The intervention time for our patients was 8 days. The intervention times in the studies by Fall et al. [3] and Ehua [4] were 4.8 and 5.7 days, respectively, these times are lengthened in most African studies. Ehua [4] found long intervention times of 11 and 15 days in her two survivors and also had recourse to unauthorized parenteral nutrition in the absence of neonatal parenteral nutrition available. Although the literature describes a short time to intervention as a factor of good prognosis, survivors in our study and even more in Ehua's study have a long time to intervention and generally in African studies are operated late (2, 3.6). If the absence of an antenatal diagnosis and the late diagnosis do not allow early surgical management, the extension of the intervention time has also made it possible to treat aspiration pneumonia by continuous aspiration and incisor antibiotic therapy and to restore the hydro-electrolyte balance. This preoperative resuscitation improves the prognostic classification of these patients, particularly in our study from class B to class A by Wastson.

 

It might be wise in our African context not to rush in front of these cases but to take the time to stabilize the vital functions of these patients to improve their chances of survival and proceed to their malformative assessment. This peri-operative resuscitation probably improved the survival of our patients, in particular the second despite a resumption of surgery 22 days after the first intervention. Our patients were extubated on an operating table with spontaneous breathing and immediately put on triple broad-spectrum antibiotic therapy. In fact, sepsis and mediastinitis, along with anastomotic fistulas and after associated cardiac malformations, constitute the mortality factors found in most studies.

 

The survival of 2 of our patients with a follow-up of a year and a half shows that it is possible to manage this condition successfully in our country.

CONCLUSION

Esophageal atresia is a condition with high mortality. It is an obsession for the pediatric surgeon in developing countries. However, the late treatment did not put a strain on the vital prognosis of our patients. A powerful and broad antibiotic therapy as well as an adapted parenteral diet (adult without inherent complications so far) were the strong points of the postoperative resuscitation of these patients.

REFERENCE
  1. Garabedian, C. et al. “Atrésie de l’œsophage: Prévalence, Diagnostic Anténatal et Pronostic.” Journal de Gynécologie Obstétrique et Biologie de la Reproduction, vol. 43, no. 6, 2014, pp. 424-430.

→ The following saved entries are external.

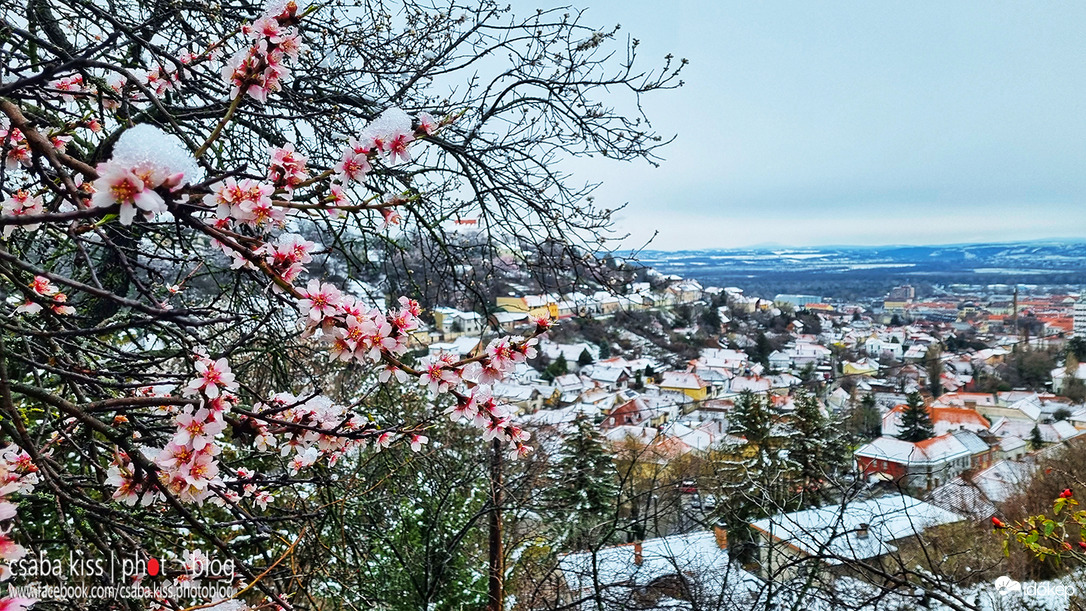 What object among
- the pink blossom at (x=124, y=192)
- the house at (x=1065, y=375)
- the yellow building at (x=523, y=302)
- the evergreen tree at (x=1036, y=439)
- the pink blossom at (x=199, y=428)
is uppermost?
the pink blossom at (x=124, y=192)

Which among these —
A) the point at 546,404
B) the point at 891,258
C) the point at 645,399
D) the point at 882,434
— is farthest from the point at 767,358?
the point at 891,258

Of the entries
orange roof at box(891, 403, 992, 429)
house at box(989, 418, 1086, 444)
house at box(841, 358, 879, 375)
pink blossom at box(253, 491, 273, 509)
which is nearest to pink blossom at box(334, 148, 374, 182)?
pink blossom at box(253, 491, 273, 509)

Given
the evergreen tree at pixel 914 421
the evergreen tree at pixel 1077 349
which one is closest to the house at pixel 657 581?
the evergreen tree at pixel 1077 349

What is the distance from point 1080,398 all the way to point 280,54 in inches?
553

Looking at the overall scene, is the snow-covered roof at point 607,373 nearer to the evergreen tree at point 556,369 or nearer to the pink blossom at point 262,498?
the evergreen tree at point 556,369

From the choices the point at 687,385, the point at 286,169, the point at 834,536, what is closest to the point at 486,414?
the point at 286,169

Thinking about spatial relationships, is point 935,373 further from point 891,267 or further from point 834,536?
point 891,267

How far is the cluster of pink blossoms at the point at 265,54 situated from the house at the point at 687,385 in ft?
51.2

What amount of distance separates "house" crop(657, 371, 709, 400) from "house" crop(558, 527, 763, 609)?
34.2 feet

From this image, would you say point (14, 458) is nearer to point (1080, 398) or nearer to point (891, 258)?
point (1080, 398)

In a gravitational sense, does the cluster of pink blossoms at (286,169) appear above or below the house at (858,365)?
above

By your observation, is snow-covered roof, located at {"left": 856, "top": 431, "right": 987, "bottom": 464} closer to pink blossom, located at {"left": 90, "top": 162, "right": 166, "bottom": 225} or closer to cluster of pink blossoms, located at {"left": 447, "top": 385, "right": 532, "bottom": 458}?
cluster of pink blossoms, located at {"left": 447, "top": 385, "right": 532, "bottom": 458}

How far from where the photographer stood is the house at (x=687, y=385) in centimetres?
1653

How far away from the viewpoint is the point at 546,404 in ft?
49.7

  2. Tambo, F.F. et al. “Difficulties in the Management of Esophageal Atresia in Developing Countries.” Le Mali Medical, vol. 25, no. 4, 2010, pp. 36-38.

  3. Fall, M. et al. “Oesophageal Atresia: Diagnosis and Prognosis in Dakar, Senegal.” African Journal of Paediatric Surgery (AJPS), vol. 12, no. 3, 2015, p. 187.

  4. Ehua, A.M. et al. “Surgical and Anaesthesiology Management of Esophageal Atresia: What Are the Mortality Factors in a Developing Country?” Surgical Science, vol. 9, no. 12, 2018, p. 496.

  5. Benkirane, Mohamed. Prise en Charge de l’Atrésie de l’Oesophage en Réanimation Pédiatrique au CHU de Marrakech. Thesis no. 184, 2020.

  6. Bouguermouh, D. and A. Salem. “Esophageal Atresia: A Critical Review of Management at a Single Center in Algeria.” Diseases of the Esophagus, vol. 28, no. 3, 2015, pp. 205-210.

  7. Al-Salem, A.H. et al. “Esophageal Atresia with or without Tracheoesophageal Fistula: Success and Failure in 94 Cases.” Annals of Saudi Medicine, vol. 26, no. 2, 2006, pp. 116-119.

  8. Tandon, R.K. et al. “Esophageal Atresia: Factors Influencing Survival—Experience at an Indian Tertiary Centre.” Journal of Indian Association of Pediatric Surgeons, vol. 13, no. 1, 2008, p. 2.

  9. Randriamizao, H.M.R. et al. “Prise en Charge Péri-Opératoire de l’Atrésie de l’Oesophage: Petits Pas Non Négligeables à Madagascar.” Pan African Medical Journal, vol. 27, no. 1, 2017.